I have been photographing for ummm.. over 40 years now, in 35mm and 6x6, 6x7. Have done about 20 weddings about 30 years ago and have home processed E4 using formulae out of BJP and C22 using Tetenal kits.
I have recently divested myself of all photo gear and reinvested the proceeds into a Canon D20 for happy snaps and a Wista 45 for serious work (landscapes in color).
I also have a question regarding processing C-41. I am in the research stage of acquiring a JOBO CPE-2 for processing color negatives, would the Dignan Divided developer be appropriate in this machine? Would the amount of agitation in the second developer be too high?
The only C-41 formulae I have seen I have found from posts on this forum (Dignan divided and Laut) and I am tracking down a copy of British Journal of Photography Annual (the final 1994 edition published in 1993) because
that's where I got my E4 formulas from.
Does anyone have any comments, suggestions on those or any other developers? Photo_Engineer, I've read a lot of your comments and have taken them on board and intend to experiment along the lines you say have been neglected. Do you have any further hints to drop? :-D
Can't help with the c-41 but welcome from another photog in Melbourne.

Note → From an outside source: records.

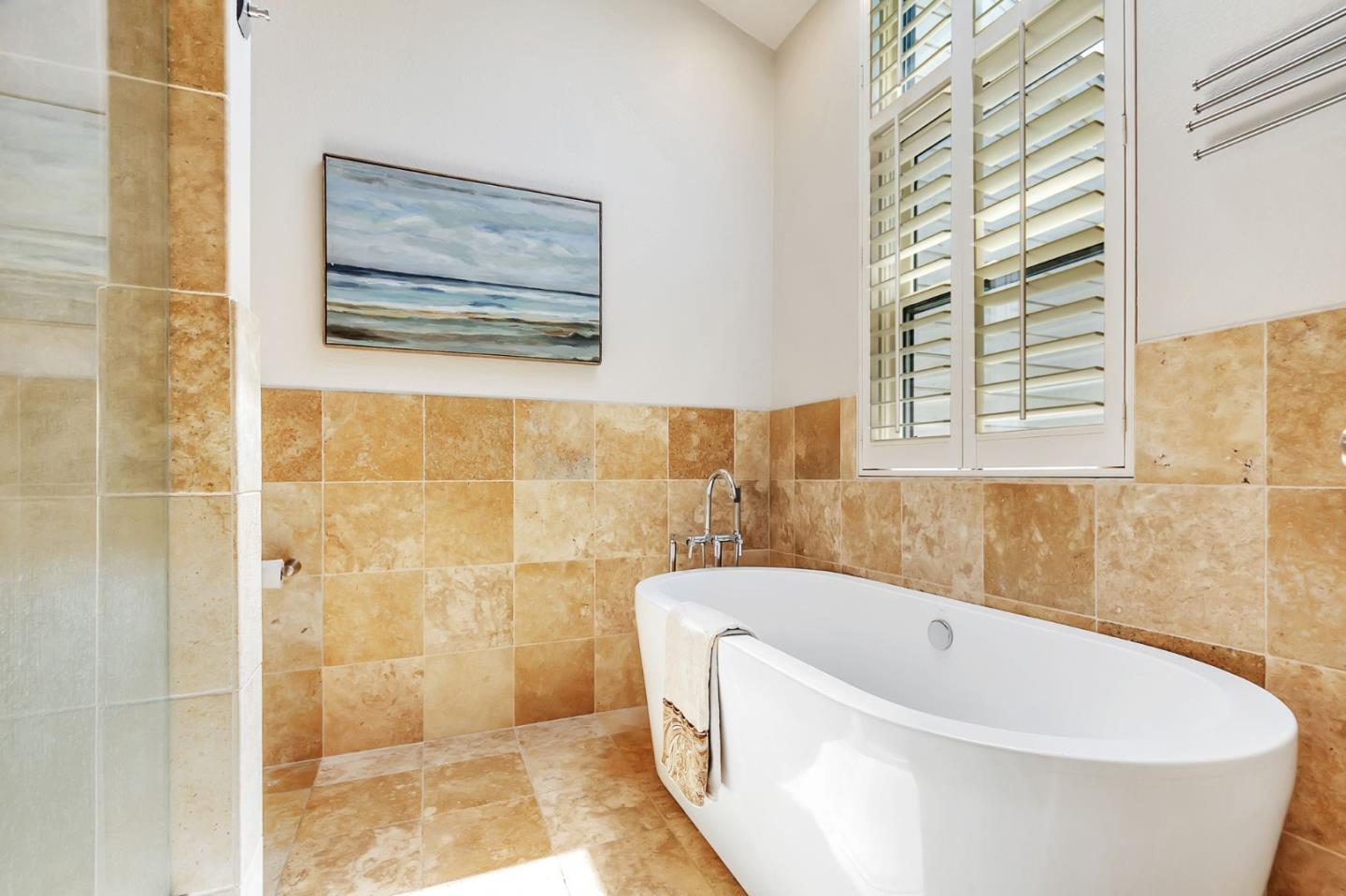 Detail Gallery Image 25 of 48 For 105 Strathmore Pl, Los Gatos,  CA 95032 - 3 Beds | 3 Baths
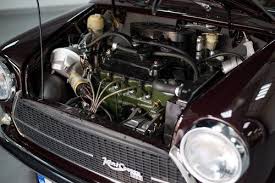 26 may top 7 best kitchen appliances. For Sale 1973 Original And Fully Restored Innocenti Mini Cooper 1300 Restoration The Originals Mini Cooper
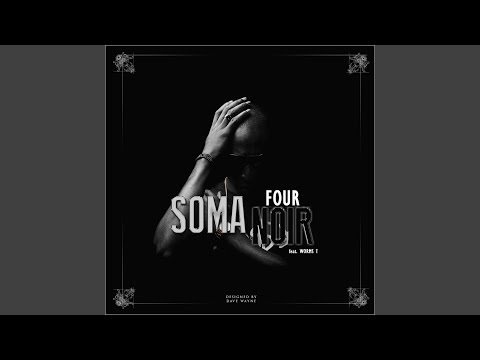Four noir (feat. Worms T)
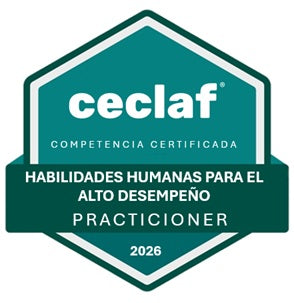 Habilidades Humanas - Entrenamiento CBL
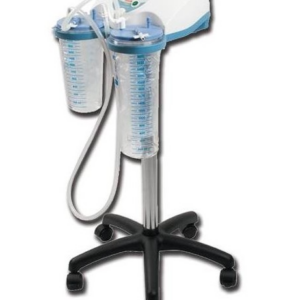 ASPIRATEUR ASKIR C30 SUR ROULETTES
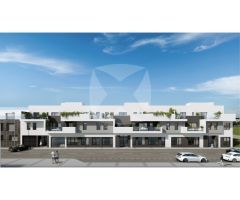 PISO DE 1 DORMITORIO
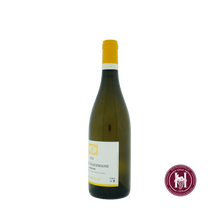 Laden Sie das Bild in den Galerie-Viewer, corton charlemagne grand cru - Domaine Jean Marc Pillot - 2022 - 0.75 L - Frankrijk - Bourgogne - Wit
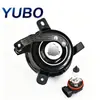 Luz Antiniebla para Parachoques Delantero 8Kd941699A Adecuado para 2009-2012 Audi A4S4A6Q5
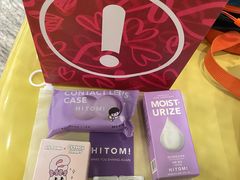 -HITOMI希多蜜美瞳(新世界新丸中心店)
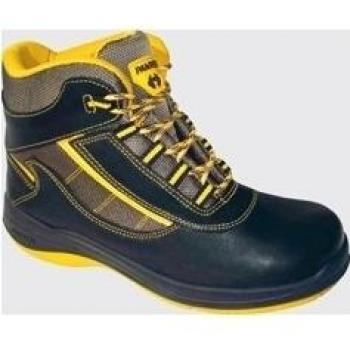 Panter 439991700 - BRIO S3 NEGRO ATMOSFERA OXIGENO Talla: 46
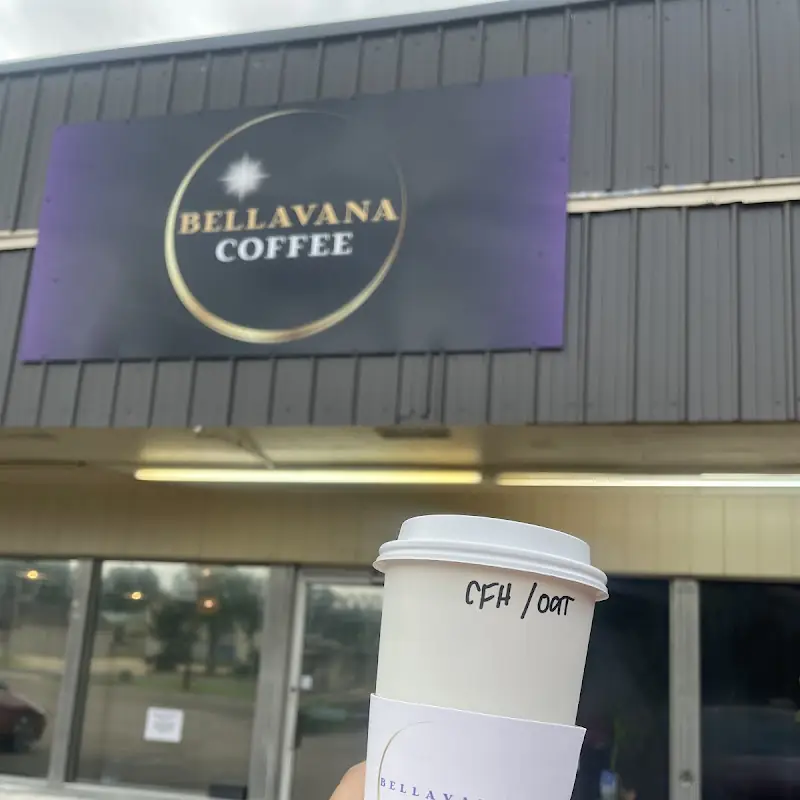 Bellavana Coffee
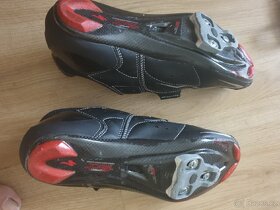 Krásné boty SPECIALIZED CARBON - 5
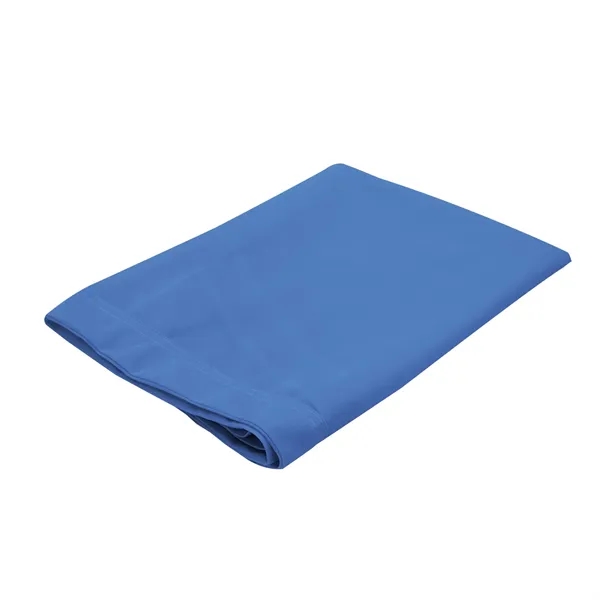 Replacement 15' solid-color stadium flutter flag.... from ASI 87188 Showdown Displays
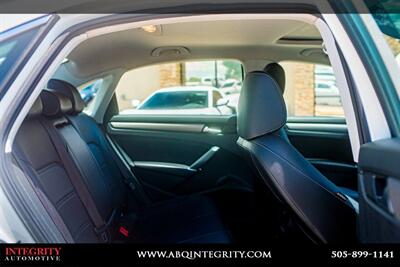 2022 Volkswagen Passat 2.0T SE   - Photo 33 - Albuquerque, NM 87114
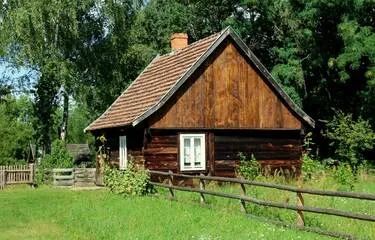Лот: 20817620. Фото: 1. Приму в дар дом с землёй. Дома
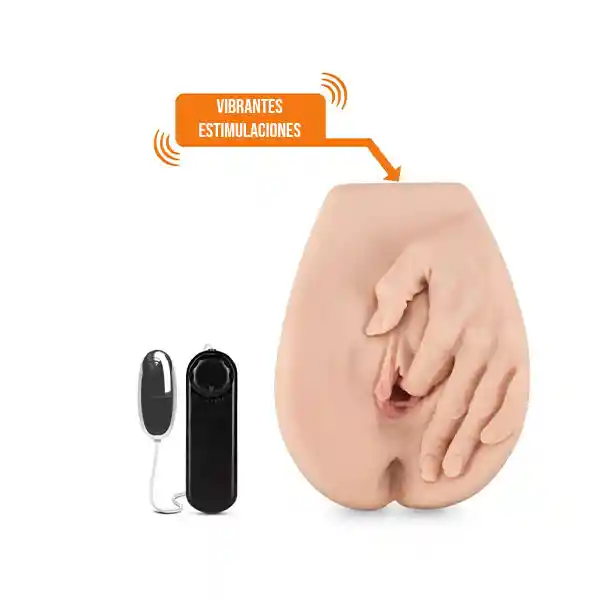 Masturbador X5 Spread Me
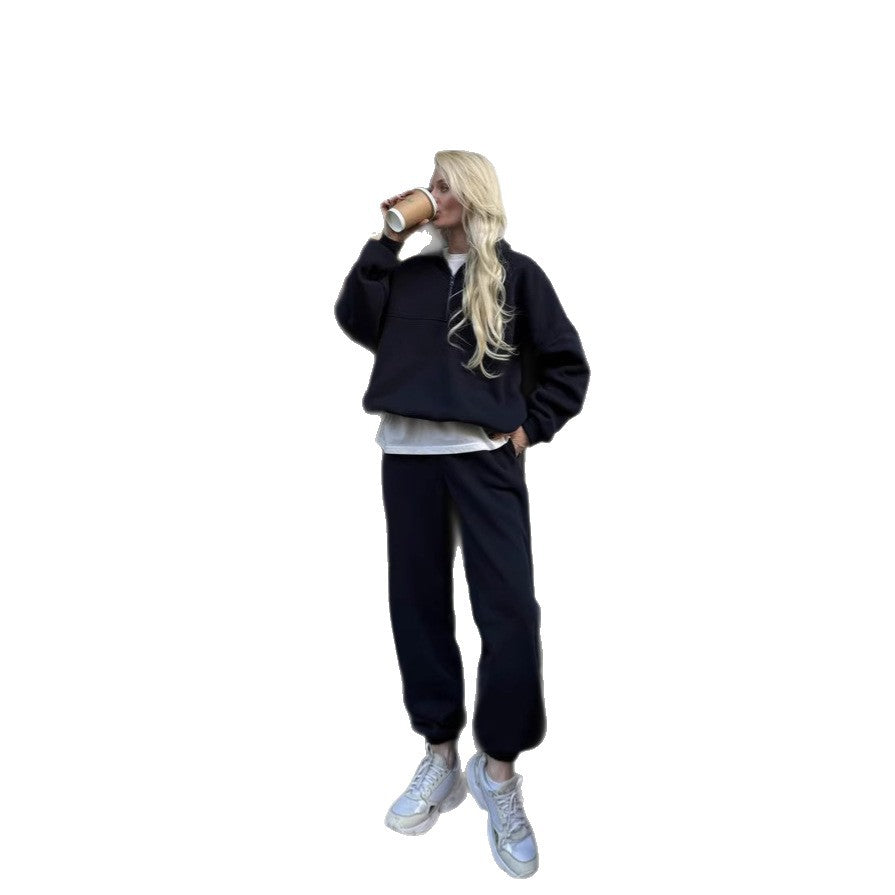 Thoughtfully Designed Garment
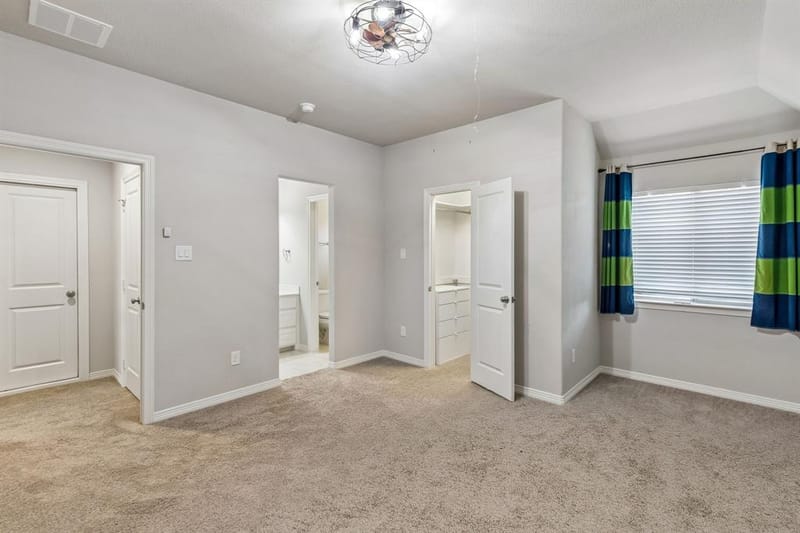 3920 Marigold Lane, Prosper TX 75078 - Photo 27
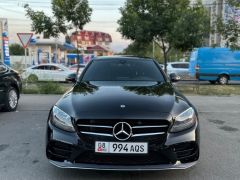 Photo of the vehicle Mercedes-Benz C-Класс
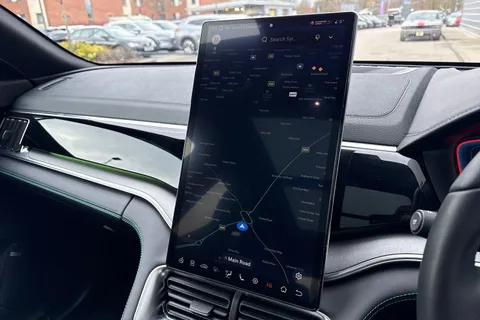 LC25BFF BYD Seal U 1.5 DM-i 26.6kWh Comfort CVT Auto Euro 6 (s/s) 5dr Thumbnail #13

A jobo and Kodak chemistry works without issue. I have developed countless rolls and sheets this way.
Welcome from a Sydney APUGer who probably shares a few things such as a first name, country of origin, and some hobbies (electronics and photography).
Originally Posted by OldBikerPete
I'm an Engineer/Scientist and was wondering as a scientist what kind of scientific things you get up to at work?
Warm welcome from another Aussie - on the west coast here
Kind regards, Nicole
Sponsored Ad. (Subscribers to APUG have the option to remove this ad.)
I have good reason to believe that divided developers will not work well with C41, most especially in a Jobo due to the high agitation.
In a multilayer film (color) diffusion becomes very important both inward and outward. As a result, the yellow layer will lose solution "A" faster than the cyan layer leading to crossover. I would go with a low agitation situation with a color divided developer if that is what you want.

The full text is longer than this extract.